## The problem
Leave out the pictures and repeat every record exactly.

Short descriptive text snippets
═══
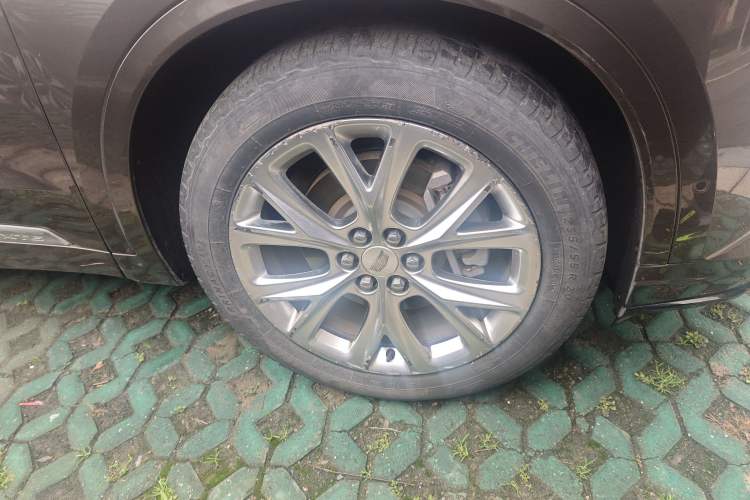 Used Cadillac XT6 2020 28T Six-Seater Four-Wheel-Drive Leading Sport Model Right Front Wheel Hub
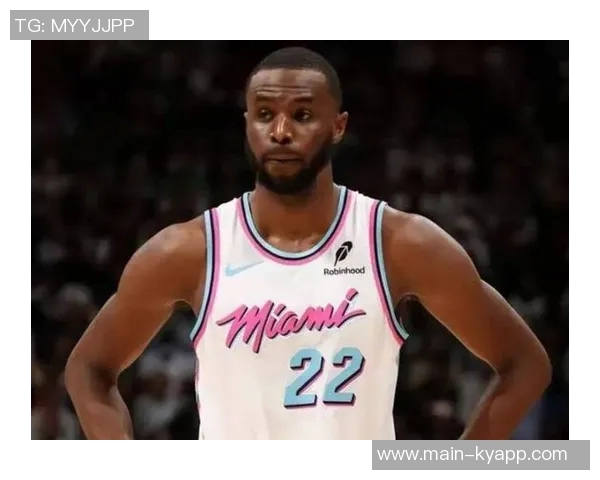 末节关键时刻三分球助力安德鲁维金斯贡献15分5篮板5助攻表现出色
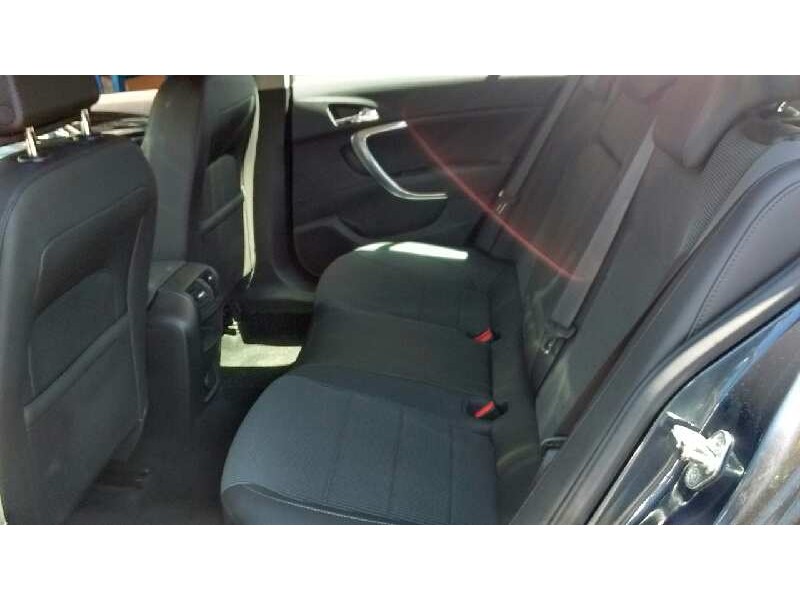 opel insignia berlina del año 2010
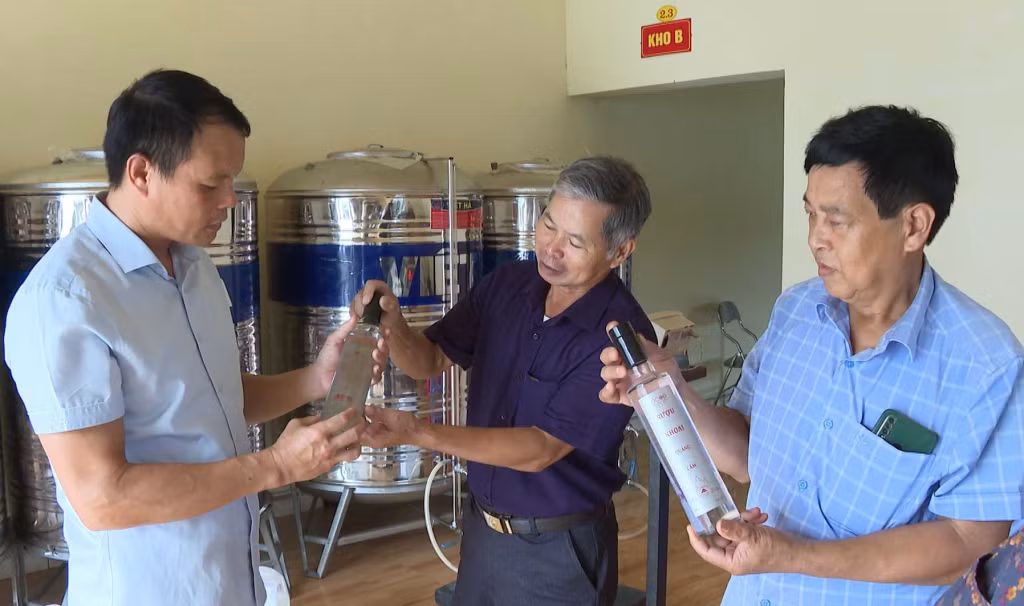 Ông Chíu Dì Sếnh (xã Quảng Lâm, huyện Đầm Hà) (ngoài cùng bên phải) giới thiệu sản phẩm OCOP Rượu khoai Quảng Lâm của Hợp tác xã.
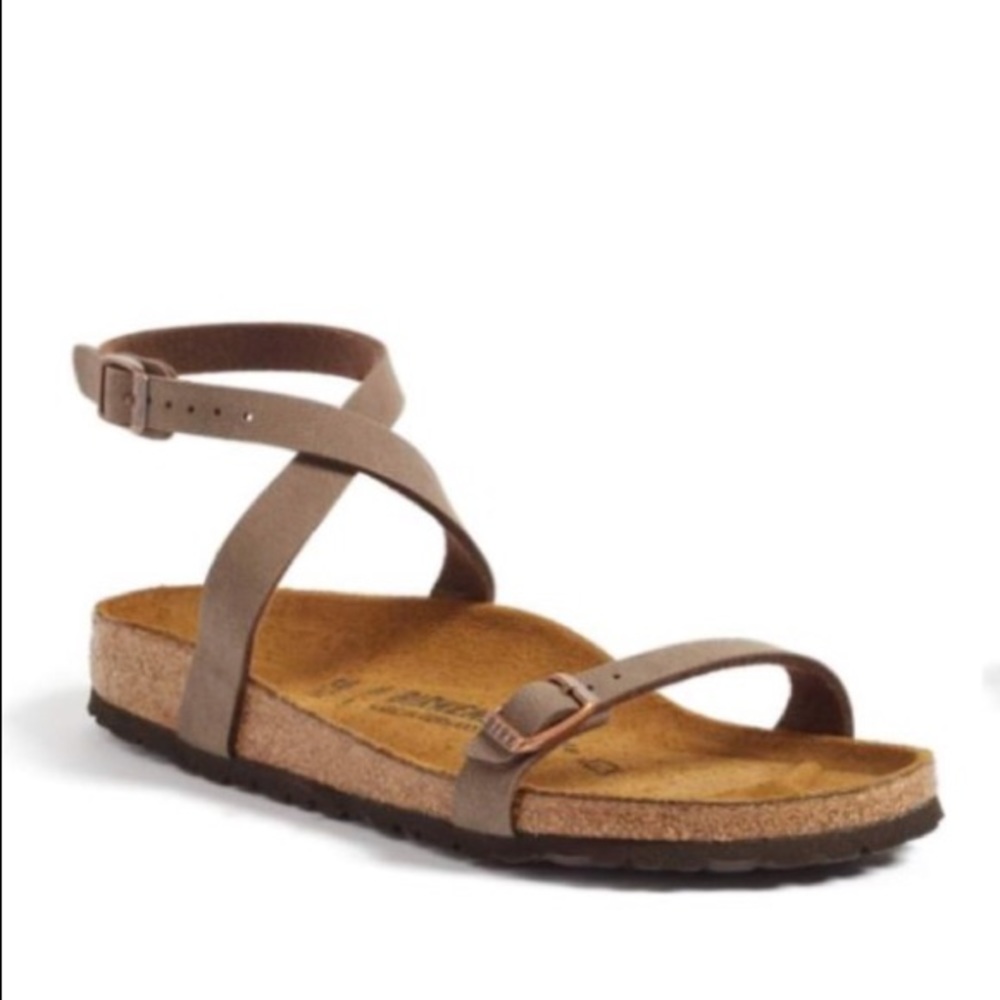 LOOKING FOR THESE IN MOCHA OR TAN SIZE 9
═══
## Solution for this task
 Used Cadillac XT6 2020 28T Six-Seater Four-Wheel-Drive Leading Sport Model Right Front Wheel Hub
 末节关键时刻三分球助力安德鲁维金斯贡献15分5篮板5助攻表现出色
 opel insignia berlina del año 2010
 Ông Chíu Dì Sếnh (xã Quảng Lâm, huyện Đầm Hà) (ngoài cùng bên phải) giới thiệu sản phẩm OCOP Rượu khoai Quảng Lâm của Hợp tác xã.
 LOOKING FOR THESE IN MOCHA OR TAN SIZE 9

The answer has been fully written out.